When our daughter was old enough, we went through some of our storage boxes and found a whole box of dolls from when my wife was about our daughter’s age. There was also an entire container of Barbie Doll sized 1960’s and 70’s fashion design dresses custom sewn by my mother-in-law. The dresses were beautiful! The dolls were very “dated” looking, but they were still in great shape and our daughter loved having them.
I always thought my sister’s Barbie Dolls were kind of freakish looking. I mean, I didn’t know any girls who looked like that, but I knew a lot of girls who tried to. There were girls who we swore were being forced by their moms to try to be like Barbie. I think those moms were trying to vicariously relive their teenaged years through their daughters. The poor girls were always stressing out about test scores, report cards, parts in the plays, spots on the cheer squads, boyfriends. These girls panicked if they gained a few pounds, got a pimple or didn’t make Honor Roll. Some of them were my friends. I know they were doing terrible things to keep their waists skinny, to make their breasts look bigger and to get the approval of someone – anyone. Sometimes they passed out in class from not eating and sometimes I found them sitting alone somewhere on campus and I could hear them crying. They were not their mother’s Barbies. It was difficult for me to understand as a guy; I thought most of these girls appeared to be pretty amazing in all respects.

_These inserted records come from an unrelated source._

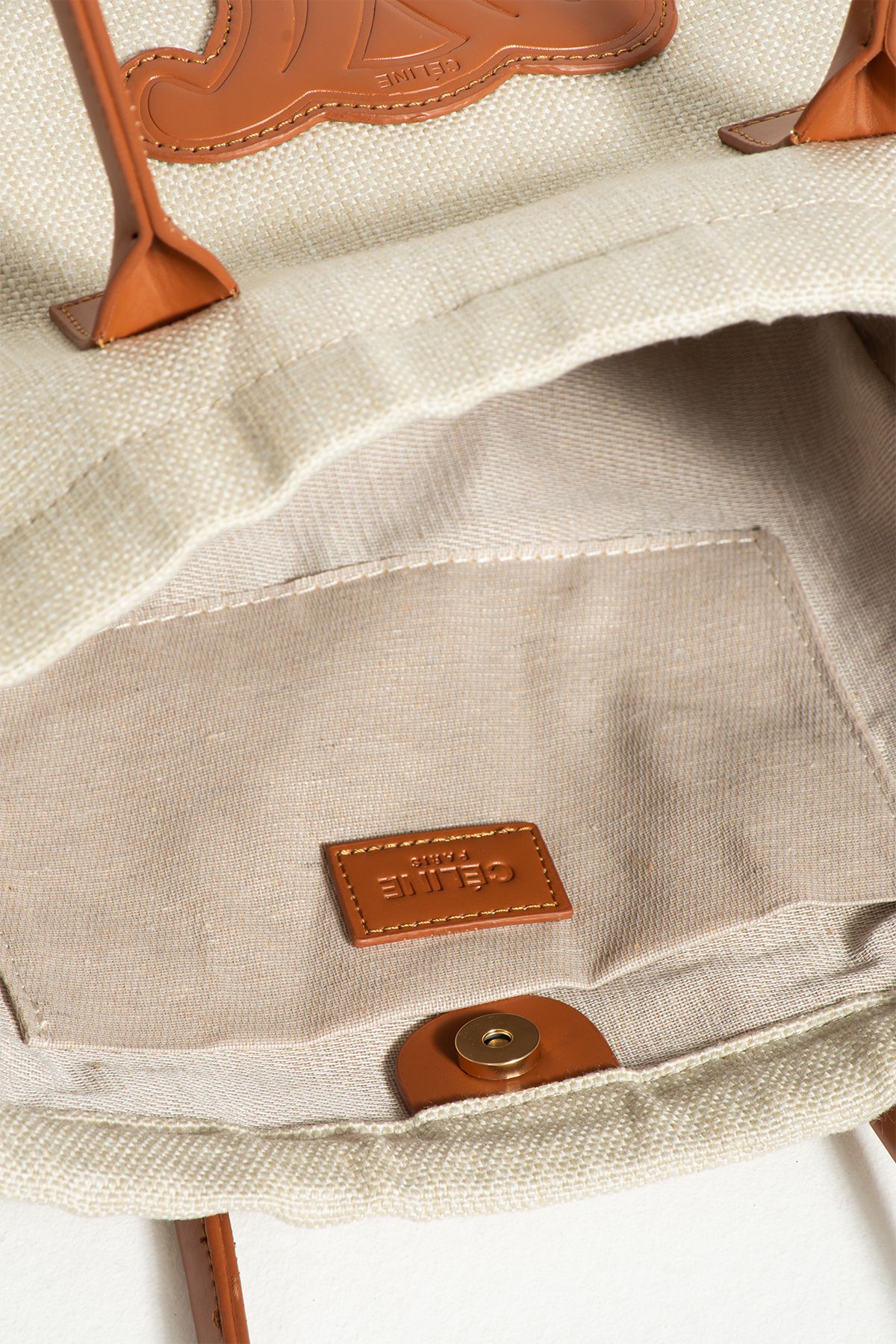 LORENZ BAG Shoulder Bag Beige Plain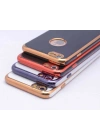Apple iPhone 7 Plus Kılıf Zore Arkası Parlak 360 Silikon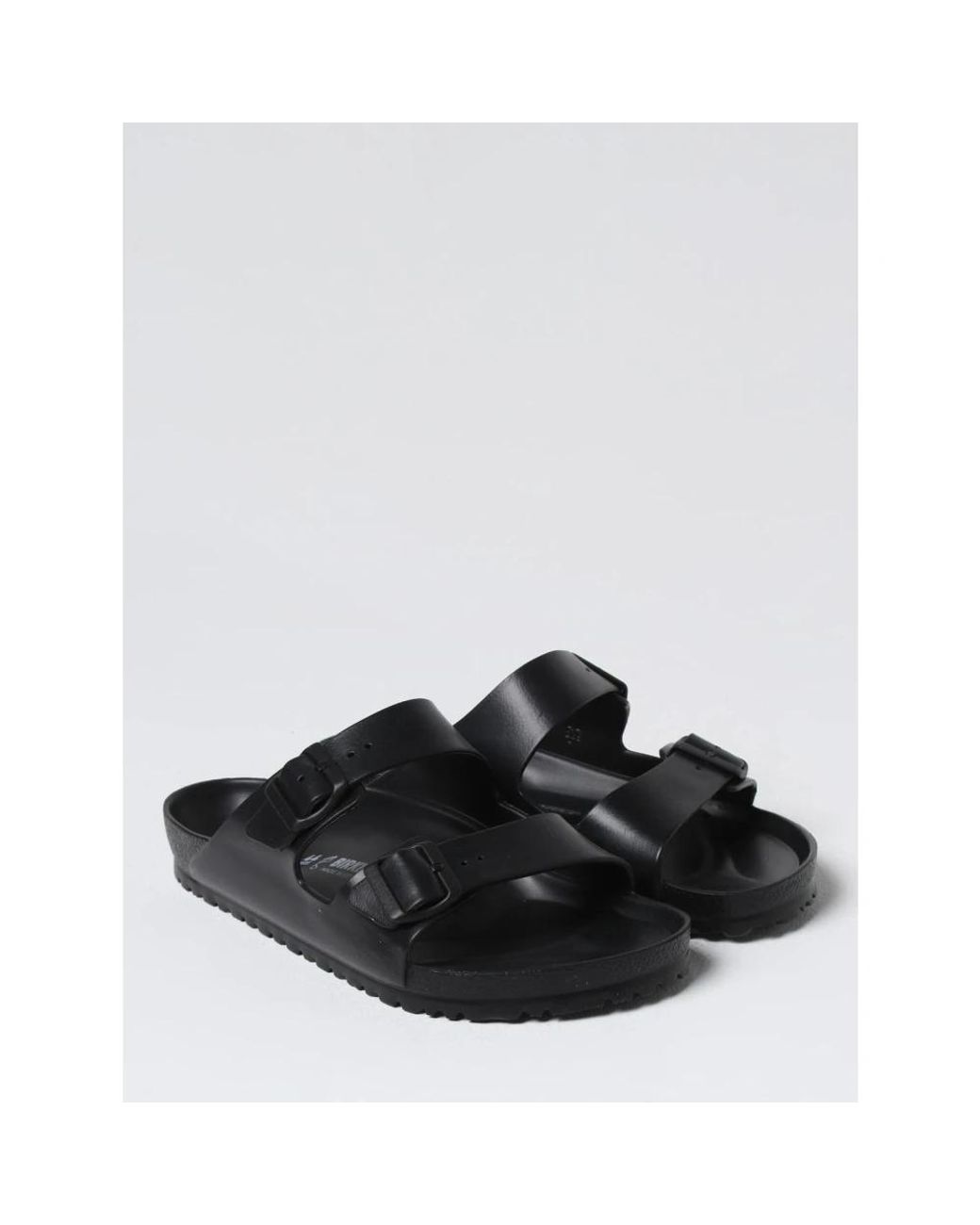 Birkenstock Black Sliders for men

I assumed I understood girls. I lived with 3, sometimes 5, of them; my grandmother, my mother, my sister and my cousins. They did their stuff, I did mine and everything was fine as long as I remembered Mother’s Day, Christmas and birthdays. I liked girls enough that I decided to marry one. I picked a great one, but she was a lot different from the girls I lived with and their Barbie Dolls. When my wife gave birth to our children, I discovered she was a lot stronger than me. She’s also a lot smarter and she has her own opinions and I needed to make time to listen; this was different. Enter my next teacher. My daughter has taught me more about girls than all of the other girls in my entire life! You know what? She’s nothing like those little plastic dolls. Yes, she’s shaped like a dancer, but her personality is way more complex. There’s not a shallow or indifferent cell in her body. She experiences everything like it’s an event and claims she has so many friends because “I try to be kind to everybody and I try to like everybody.” My daughter has shown me dimensions of the female psyche I never knew existed. She’s not trying to be anyone’s Barbie but she is being, I believe, the person God created her to be.
For a long time, I didn’t take the time to learn very much about girls. It seems neither did a lot of other people. Men were designing things and marketing things to girls and women while most of those men knew very little about girls or women. Just as my world went through a radical paradigm shift after getting to know a little girl, I think the rest of the world is finally beginning to take the time to have the same experience. As more and more women enter the boardrooms, become design engineers and join marketing firms, the understanding that they are not their mothers’ Barbies is becoming increasingly apparent. Even at Mattel, Inc., the owners of the Barbie Doll brand, they’re getting it. Some of the dolls have been redesigned to more closely resemble real women. It’s amazing it took the company until 1998 to design a Barbie with flat feet. They were excited to be able to introduce a doll that could stand on her own two feet. Girls had been able to do that forever. It’s long past time to recognize the girls and women of the world are not perfect, plastic, poseable dolls with little to offer; there is so much more to them than that. Ken is finally figuring this out.